Pesten (2) | Opvoedingspunt

Blog > Algemeen > Pesten (2)

 

Van 2 tot 4 jaar
Peuters en dreumesen kunnen elkaar enorm dwars zitten. Regelmatig valt te zien dat ze elkaars speelgoed afpakken, elkaar aan de haren trekken en proberen elkaar te raken met houten blokken. Zoals kinderen alles moeten leren, moeten ze ook leren om met andere kinderen om te gaan. Af en toe ruzie, vechten om speelgoed hoort daarbij.

Heel jonge kinderen kunnen zich nog niet verplaatsen in de gevoelens van een ander. Zij zijn meestal sterk op zich zelf gericht. Als ze een pop willen hebben die net wordt vastgehouden door een ander kind, willen ze deze pop pakken. Dat het andere kind dat niet zo leuk vindt, hebben ze niet in de gaten.

Rond hun derde jaar beginnen veel kinderen door te krijgen hoe ze contact moeten leggen met andere kinderen. Ze merken dat het beter werkt om iets aan een ander kind te vragen dan om het meteen om te duwen.
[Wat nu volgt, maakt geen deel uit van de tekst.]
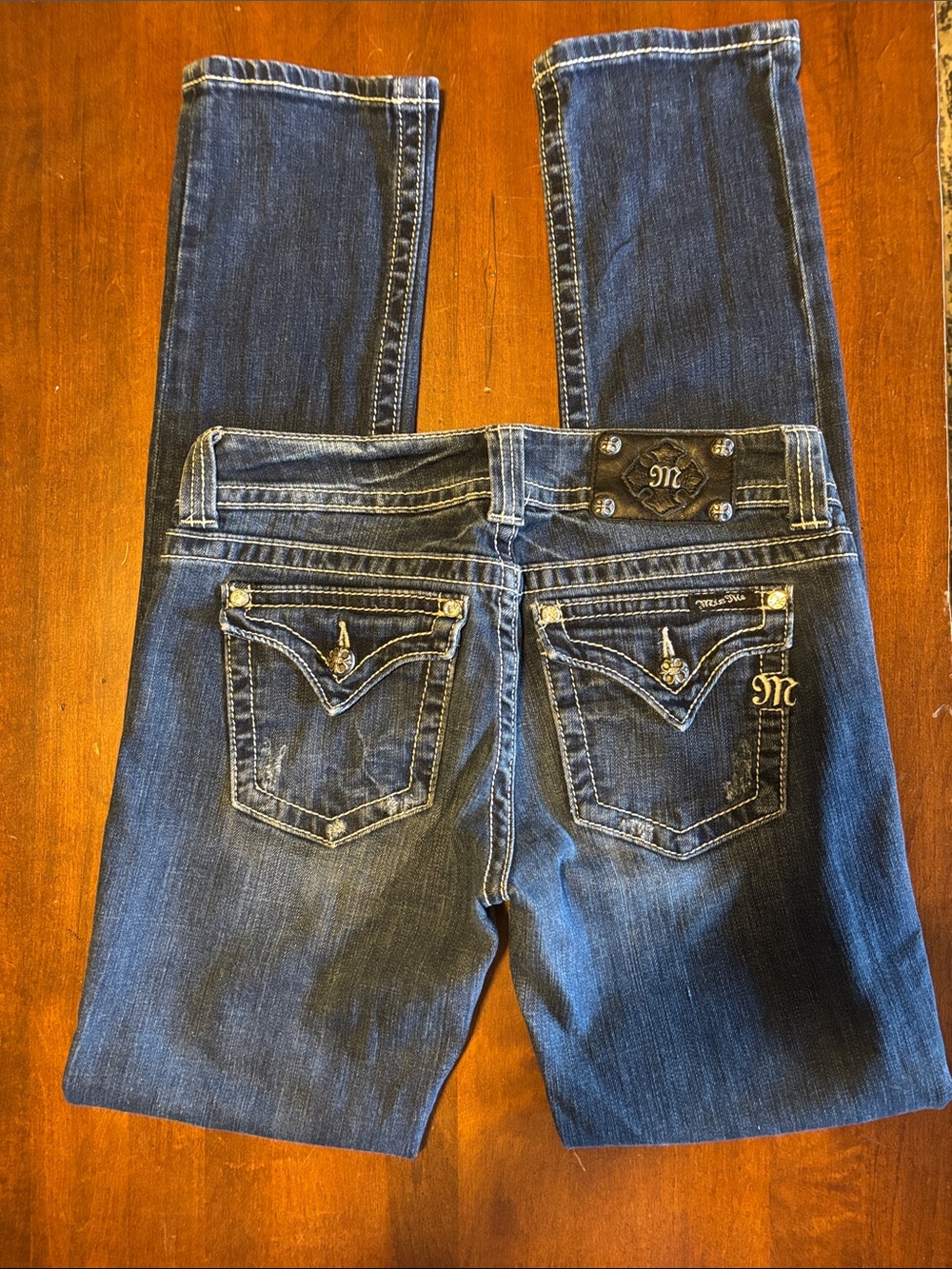 MISS ME JP4009SK-2 Darkish Distressed Skinny Back-Flap Pocket Jeans (L-136)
Sommige kinderen doen er lang over om te leren hoe ze met andere kinderen om kunnen gaan.

Kinderen leren het meeste van de oplossingen die ze zelf uitvinden. Dat geldt ook bij het oplossen van ruzies. Het is daarom niet verstandig om kinderruzies meteen te stoppen of de kinderen een kant en klare oplossing aan te bieden. Het helpt wel om kinderen steun te geven als ze er zelf niet uitkomen. Een voorstel om om de beurt met de pop te spelen of samen met alle poppen te spelen, kan kinderen helpen bij het oplossen van hun ruzie om de pop.

Ruzies tussen kinderen van deze leeftijd vallen niet onder het begrip pesten. Bij pesten zijn het steeds dezelfde kinderen die het slachtoffer zijn.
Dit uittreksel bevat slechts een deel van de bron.